The disjunction type: \/

Our iterations are looking better, but we are not there yet. Either, as provided by the Scala standard library, unfortunately does not play very well with for comprehensions like Option does. Scala does not enforce that Either‘s Left encodes the error return type (and consequently, that Right encodes the succes type). What this means is that in for comprehensions, we have to tell whether we expect the Right or Left type for each call. This is done by calling the Either.right or Either.left method.

def uno(): Either[String, Int] = { ... }
def dos(n: Int): Either[String, String] = { ... }
def tres(s: String): Either[String, Double] = { ... }

val finalResult: Either[String, Double] = for {
    result1 <- uno().right
    result2 <- dos(result1).right
    result3 <- tres(result2).right
} yield result3

It seems like a minor inconvenience to add .right, but there is something going on under the hood with .right and .left. They do not actually create Right and Left, but RightProjection and LeftProjection, which is a different type with different properties. The practical consequence is that the code below will not compile anymore (unlike its Option counterpart):

val finalResult: Either[String, Double] = for {
    result1 <- uno().right
    result2 <- dos(result1).right
    result3 <- tres(result2).right
    squared = result3 * result3
} yield squared

To get it working, we need to manually wrap the squared declaration inside an Either, invoke .right, and replace the value assignment operator:

val finalResult: Either[String, Double] = for {
    result1 <- uno().right
    result2 <- dos(result1).right
    result3 <- tres(result2).right
    squared <- Right(result3 * result3).right
} yield squared

This is getting unecessarily verbose. We have to invoke .right every time and we lose the ability to declare values inside for comprehensions. To remedy this, we need to use the scalaz library.

Scalaz is a third party Scala library that provides many useful functional programming abstractions. One that we will use now is called \/ (often called the disjunction type, since it is inspired by the mathematical disjunction operator ∨). It is very similar to Either, except for the fact that it is right-biased.
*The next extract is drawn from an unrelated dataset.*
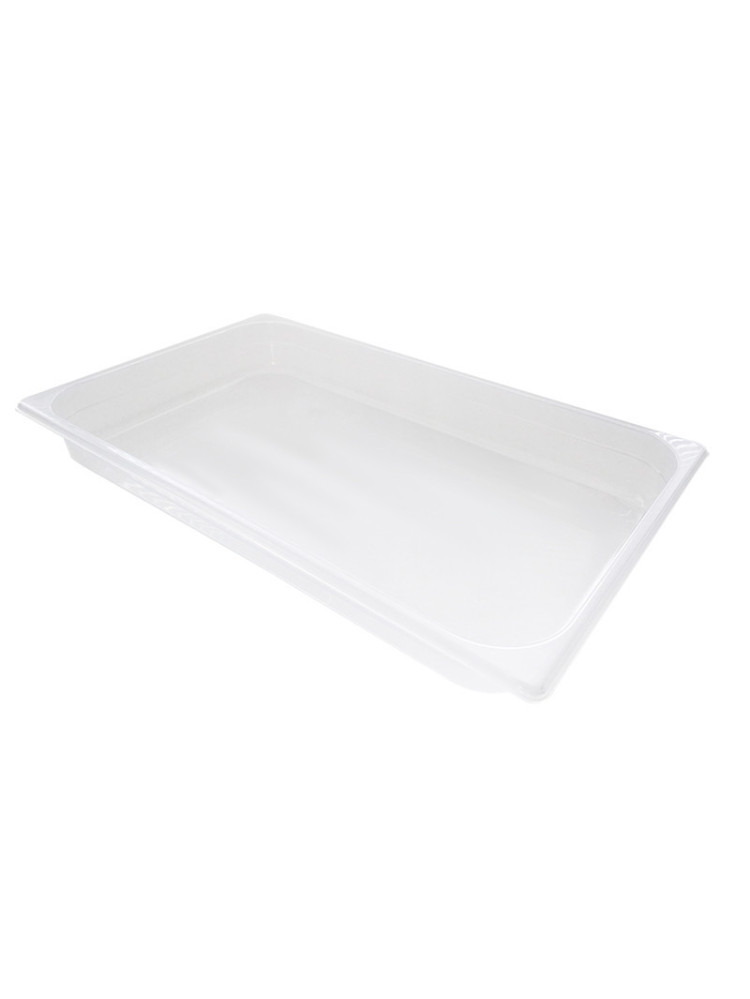 Food pan GN1/1 PP depth 6.5cm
This means, it expects the error type to be encoded as the left type and the expected type to be encoded as the right type.

Here is a quick comparison between Either and \/:

import scalaz._, Scalaz._

// Type declaration.
// We can use the `\/` type as an infix
// operator as well, as shown in `value3`
// declaration below
def value1: Either[String, Int] // Scala
def value2: \/[String, Int]     // scalaz
def value3: String \/ Int       // scalaz

// Right instance creation.
// The scalaz constructor is the type name,
// plus the side we use: `\/` appended with `-`
val value4: Either[String, Int] = Right(3) // Scala
val value5: String \/ Int       = \/-(3)   // scalaz

// Left instance creation.
// The scalaz constructor is analogous to its
// right type counterpart: `\/` prepended with `-`
val value6: Either[String, Int] = Left("err") // Scala
val value7: String \/ Int       = -\/("err")  // scalaz

Our earlier example can now be made more concise using the disjunction type:

def uno(): String \/ Int = { ... }
def dos(n: Int): String \/ String = { ... }
def tres(s: String): String \/ Double = { ... }

val finalResult: String \/ Double = for {
    result1 <- uno()
    result2 <- dos(result1)
    result3 <- tres(result2)
    squared = result3 * result3
} yield squared

One more thing: notice that we always encode the error type / left type as String and we need to redeclare it every time. We can make this even shorter by creating a type alias to disjunction whose left type is always String. Let’s call this alias Perhaps:

type Perhaps[+T] = String \/ T

def uno(): Perhaps[Int] = { ... }
def dos(n: Int): Perhaps[String] = { ... }
def tres(s: String): Perhaps[Double] = { ... }

val finalResult: Perhaps[Double] = for {
    result1 <- uno()
    result2 <- dos(result1)
    result3 <- tres(result2)
    squared = result3 * result3
} yield squared

And finally, going back to our JSON extractor example, we need to update it like so:

import java.io.ByteArrayInputStream
import org.json4s.JValue
import org.json4s.jackson.JsonMethods.parseOpt
import scalaz._, Scalaz._

implicit val formats = org.json4s.DefaultFormats

type Perhaps[+T] = String \/ T

// fourth attempt
def extractJson(contents: Array[Byte]): Perhaps[JValue] =
    if (contents.isEmpty) -\/("Nothing to parse.")
    else parseOpt(new ByteArrayInputStream(contents)) match {
        case None     => -\/("Invalid syntax.")
        case Some(jv) => \/-(jv)
    }

Going even further, we can replace the pattern match with a call to scalaz’s .toRightDisjunction. This can be done on the Option[JValue] value that parseOpt returns. The argument is the error value; the value that we would like to return in case parseOpt evaluates to None.

...

// fourth attempt
def extractJson(contents: Array[Byte]): Perhaps[JValue] =
    if (contents.isEmpty) -\/("Nothing to parse.")
    else parseOpt(new ByteArrayInputStream(contents))
        .toRightDisjunction("Invalid syntax.")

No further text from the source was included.